(Beginning of SOURCE INFORMATION)

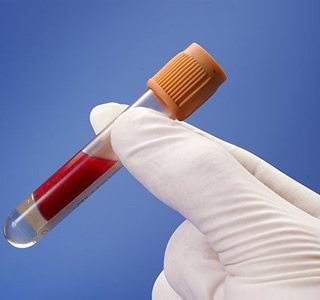 糖尿病人糖化血红蛋白总是大于6.5，并发症发生可能性会很大吗？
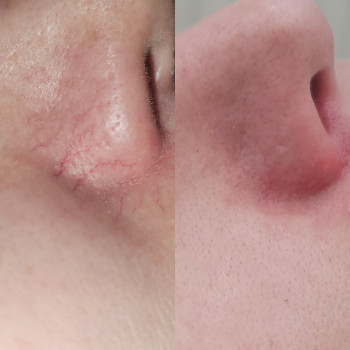 Світлана Толстоног, Одеса Фото - 26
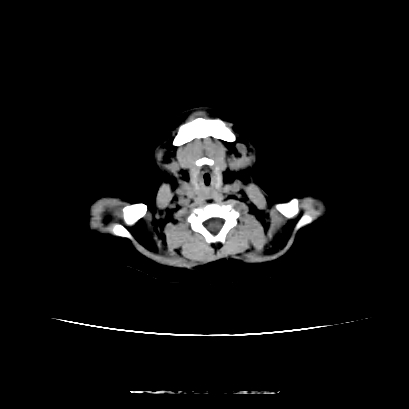 File:Cloverleaf skull (Radiopaedia 91901-109710 Axial non-contrast 18).jpg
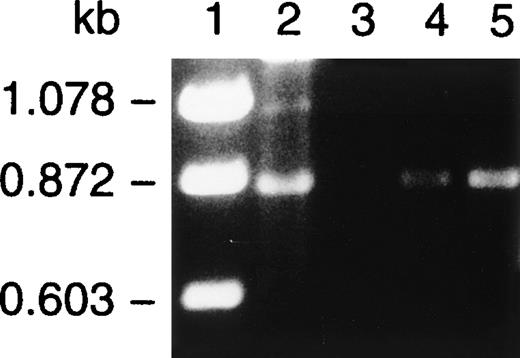Fig. 11. RT-PCR of surgical tissue from the patient. RT-PCR using primers designed to amplify the lectin and epidermal growth-like domains was conducted on total cellular RNA isolated from surgical tissue from the patient that included normal tissue from the margins of the surgical amputation (lane 3) and ulcerated nonhealing inflamed tissue from two distinct sites (lanes 4 and 5). PCR with these primers of E-selectin cDNA (lane 2) yielded the expected product of 870 bp. An identical product was also identified in tissue samples from the abnormal, inflamed tissue (lanes 4 and 5) but was not readily detected in normal tissue at the surgical margin (lane 3).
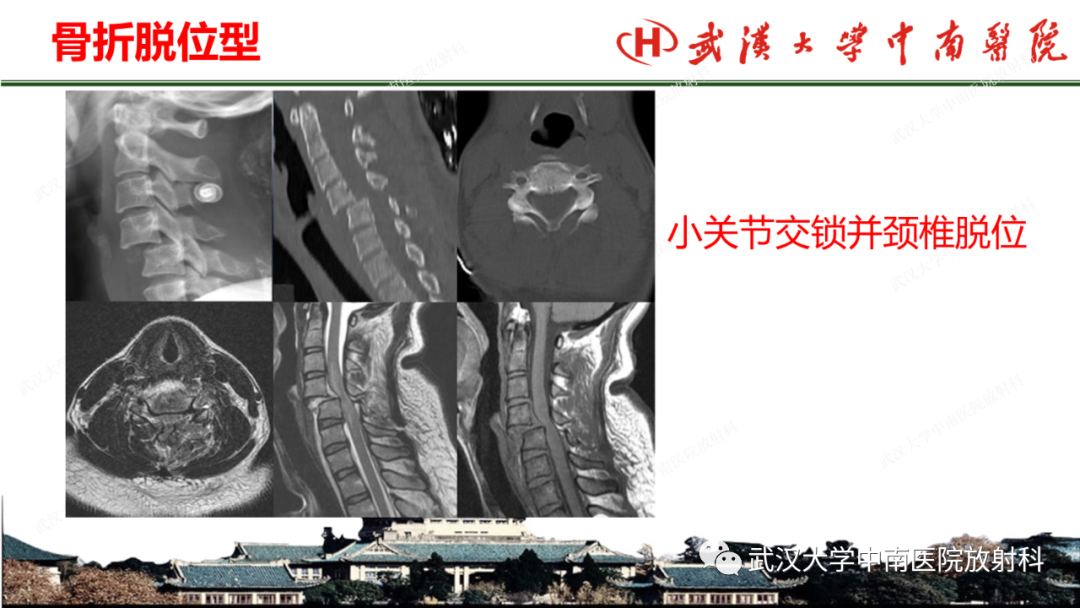 影像PPT - 【PPT】脊柱外伤的影像分析-25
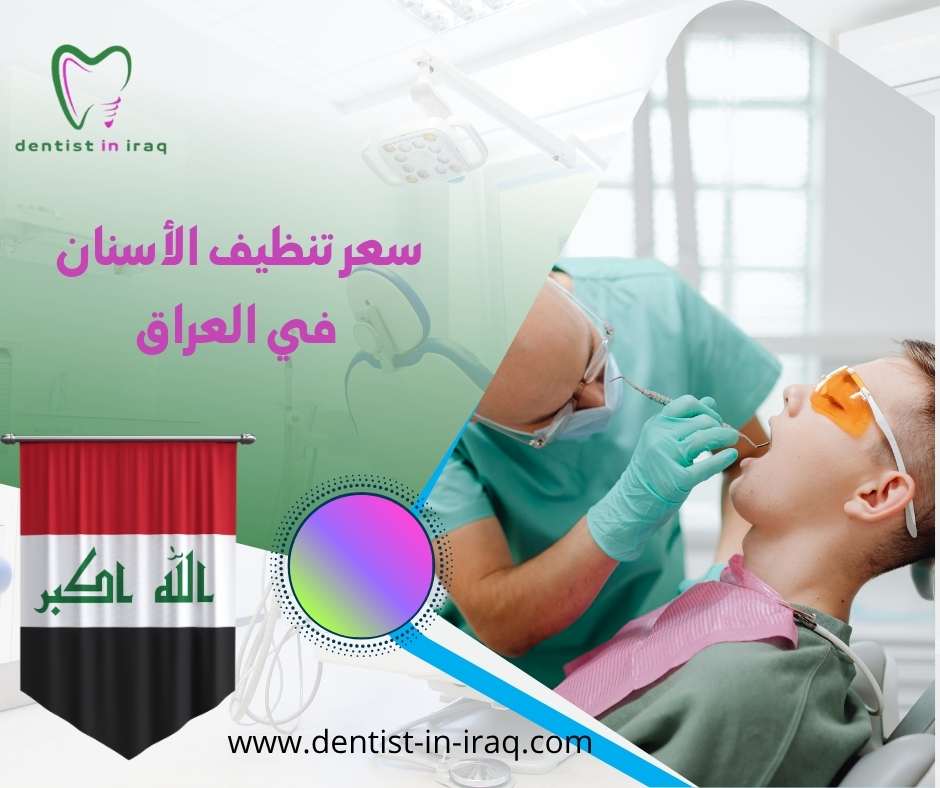 سعر تنظيف الأسنان في العراق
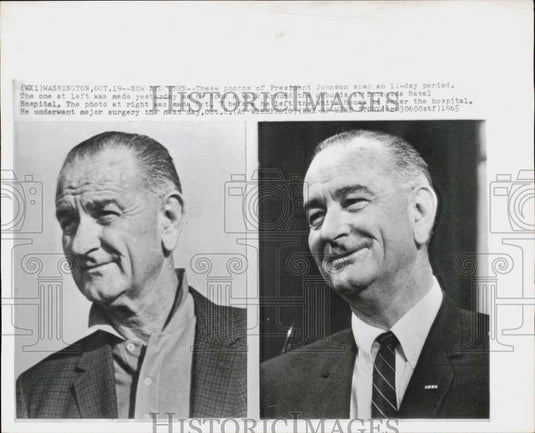 1965 Press Photo President Lyndon Johnson Before & After Surgery, Washington- Historic Images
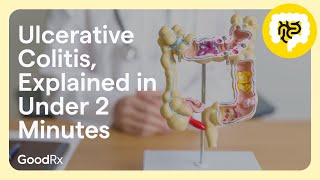 Ulcerative Colitis Explained in Under 2 Minutes  GoodRx [upl. by Gery]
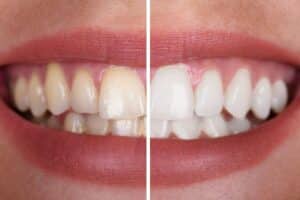 Before and after teeth whitening comparison showing yellowed teeth on left and brightened teeth on right.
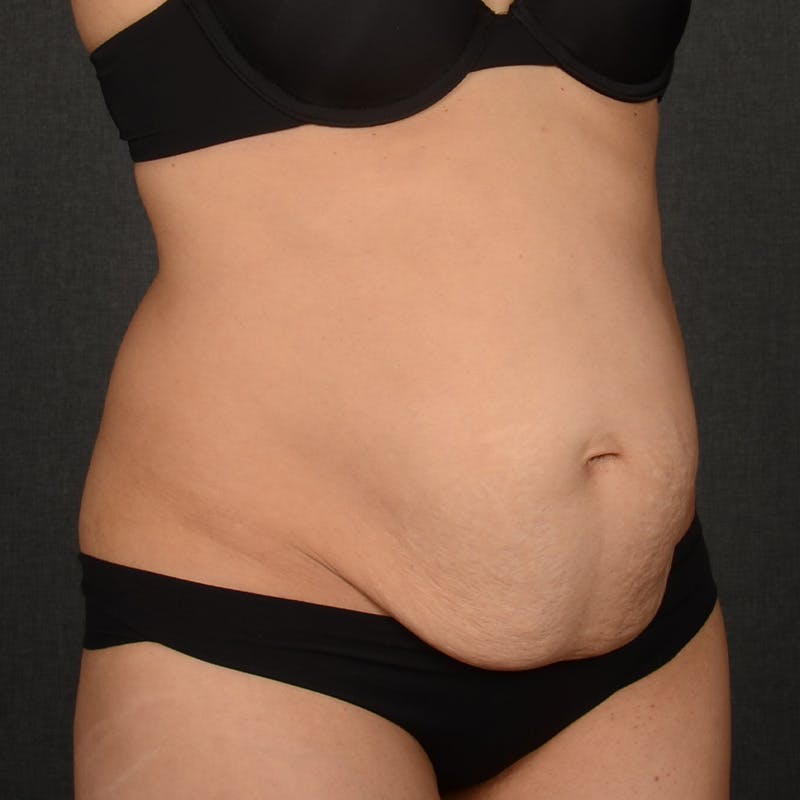 Tummy Tuck Before & After Gallery - Patient 569395 - Image 3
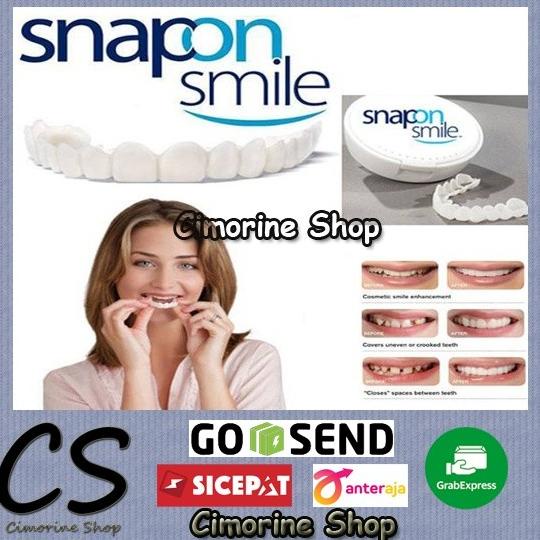 Snap On Smile Authentic / Gigi Palsu Snapon Smile 1 Set Veneer Gigi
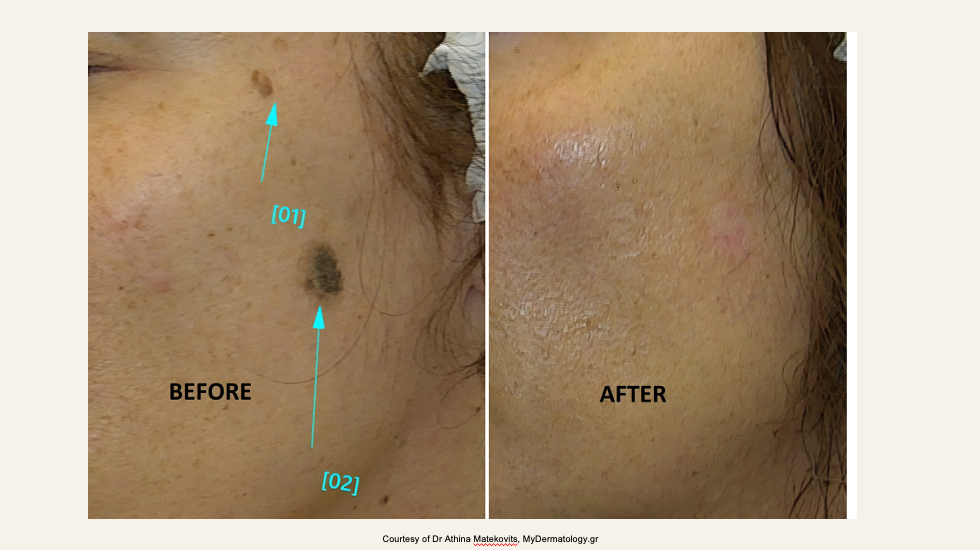 What EDGE ONE Treats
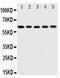 Iduronate 2-Sulfatase antibody, PA5-79439, Invitrogen Antibodies, Western Blot image 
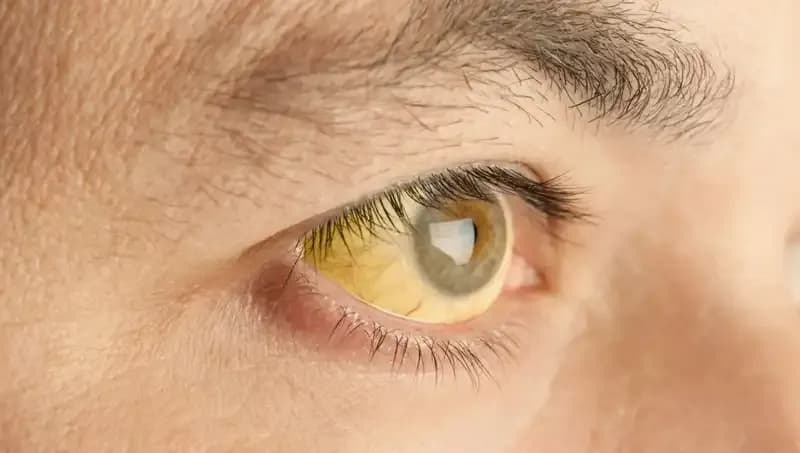 Gözlerinizdeki Değişiklikler, Karaciğer Sağlığınız Hakkında Ne Söylüyor?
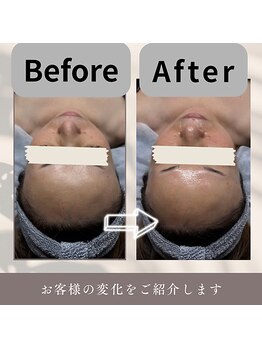 ケーブロッサムビューティーサロン(K Blossom Beauty Salon)/水光３Dピール(ビフォ.アフター)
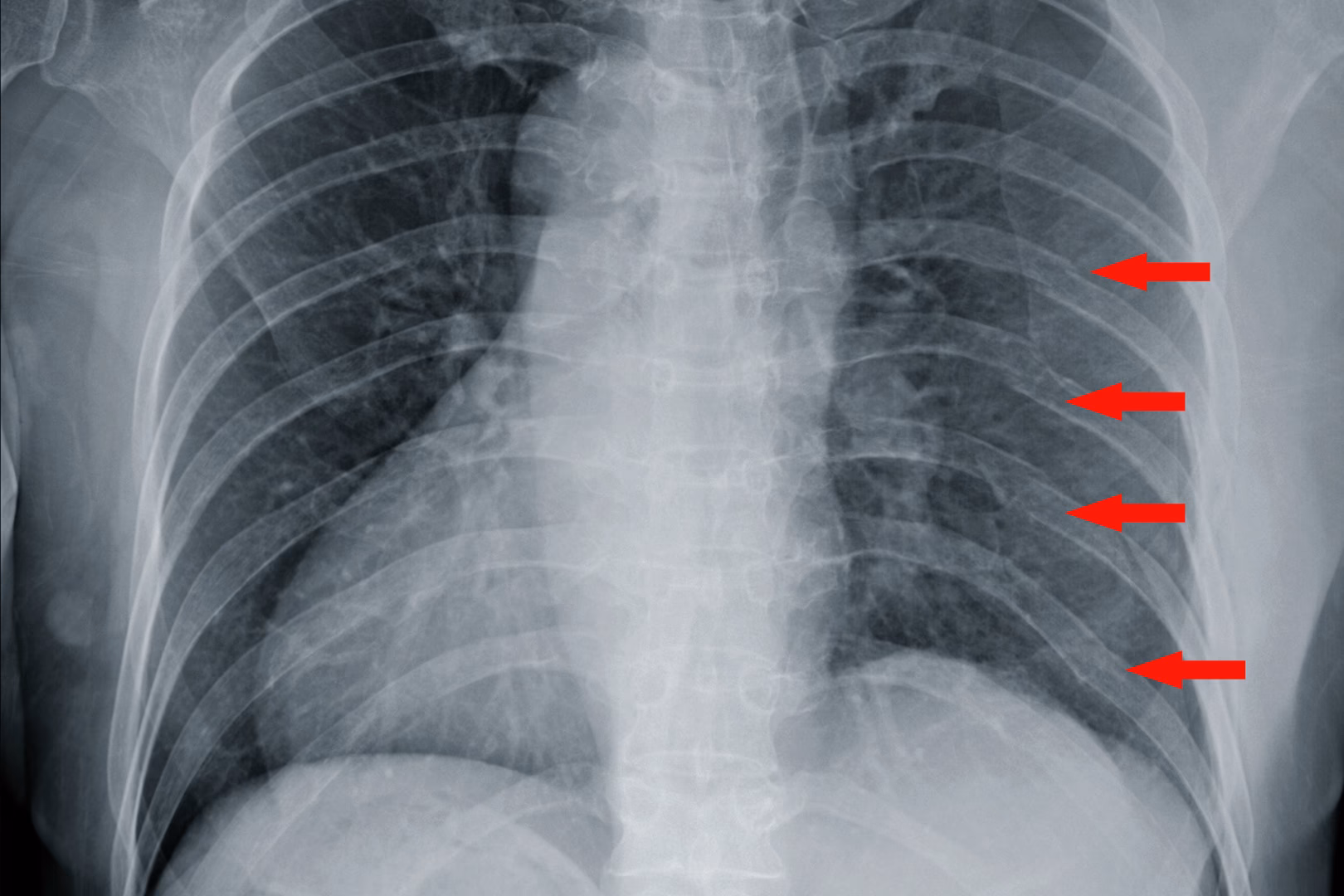 How long does it take a broken rib to heal?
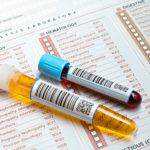 Методы лечения гепатомегалии и прогноз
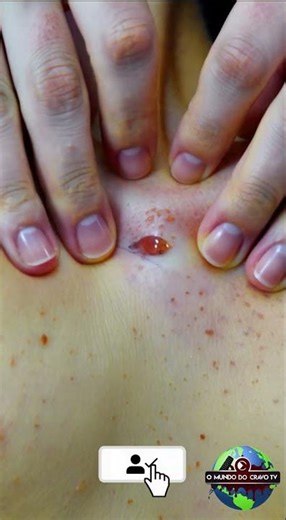 The SECRET to Removing Blackheads from Your Back is Here!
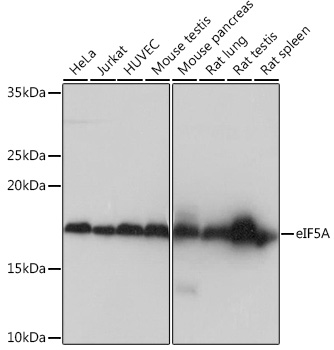 Western blot analysis of various lysates using eIF5A Rabbit mAb (TA426282) at 1:1000 dilution.<br/>Secondary antibody: HRP-conjugated Goat anti-Rabbit IgG (H+L) at 1:10000 dilution.<br/>Lysates/proteins: 25μg per lane.<br/>Blocking buffer: 3% nonfat dry milk in TBST.<br/>Detection: ECL Basic Kit .<br/>Exposure time: 1s.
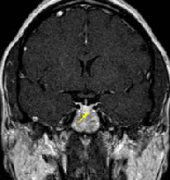 垂體瘤術(shù)后8大并發(fā)癥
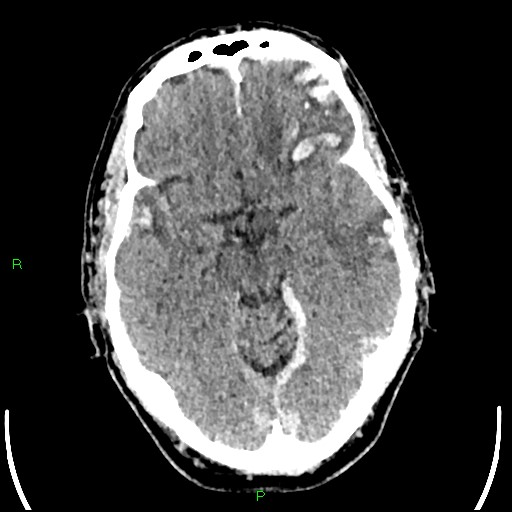 File:Cerebral contusions (Radiopaedia 33868-35039 Axial non-contrast 81).jpg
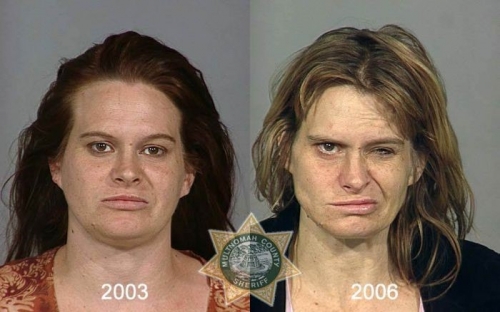 Before And After Meth 08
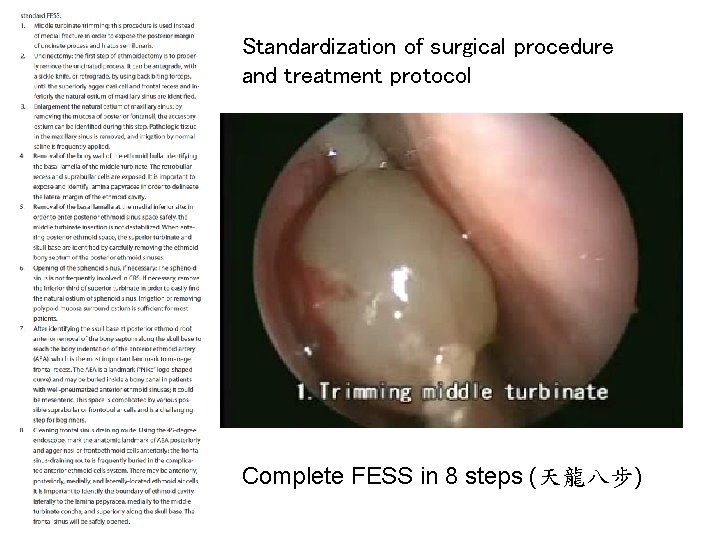 Standardization of surgical procedure and treatment protocol Complete FESS in 8 steps (天龍八步)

(End of SOURCE INFORMATION)

WHAT IS BEING ASKED: Wherever a picture appears in the material above, skip it and copy the rest without change.

RESULT BELOW:
 糖尿病人糖化血红蛋白总是大于6.5，并发症发生可能性会很大吗？
 Світлана Толстоног, Одеса Фото - 26
 File:Cloverleaf skull (Radiopaedia 91901-109710 Axial non-contrast 18).jpg
Fig. 11. RT-PCR of surgical tissue from the patient. RT-PCR using primers designed to amplify the lectin and epidermal growth-like domains was conducted on total cellular RNA isolated from surgical tissue from the patient that included normal tissue from the margins of the surgical amputation (lane 3) and ulcerated nonhealing inflamed tissue from two distinct sites (lanes 4 and 5). PCR with these primers of E-selectin cDNA (lane 2) yielded the expected product of 870 bp. An identical product was also identified in tissue samples from the abnormal, inflamed tissue (lanes 4 and 5) but was not readily detected in normal tissue at the surgical margin (lane 3).
 影像PPT - 【PPT】脊柱外伤的影像分析-25
 سعر تنظيف الأسنان في العراق
 1965 Press Photo President Lyndon Johnson Before & After Surgery, Washington- Historic Images
 Ulcerative Colitis Explained in Under 2 Minutes  GoodRx [upl. by Gery]
 Before and after teeth whitening comparison showing yellowed teeth on left and brightened teeth on right.
 Tummy Tuck Before & After Gallery - Patient 569395 - Image 3
 Snap On Smile Authentic / Gigi Palsu Snapon Smile 1 Set Veneer Gigi
 What EDGE ONE Treats
 Iduronate 2-Sulfatase antibody, PA5-79439, Invitrogen Antibodies, Western Blot image 
 Gözlerinizdeki Değişiklikler, Karaciğer Sağlığınız Hakkında Ne Söylüyor?
 ケーブロッサムビューティーサロン(K Blossom Beauty Salon)/水光３Dピール(ビフォ.アフター)
 How long does it take a broken rib to heal?
 Методы лечения гепатомегалии и прогноз
 The SECRET to Removing Blackheads from Your Back is Here!
 Western blot analysis of various lysates using eIF5A Rabbit mAb (TA426282) at 1:1000 dilution.<br/>Secondary antibody: HRP-conjugated Goat anti-Rabbit IgG (H+L) at 1:10000 dilution.<br/>Lysates/proteins: 25μg per lane.<br/>Blocking buffer: 3% nonfat dry milk in TBST.<br/>Detection: ECL Basic Kit .<br/>Exposure time: 1s.
 垂體瘤術(shù)后8大并發(fā)癥
 File:Cerebral contusions (Radiopaedia 33868-35039 Axial non-contrast 81).jpg
 Before And After Meth 08
 Standardization of surgical procedure and treatment protocol Complete FESS in 8 steps (天龍八步)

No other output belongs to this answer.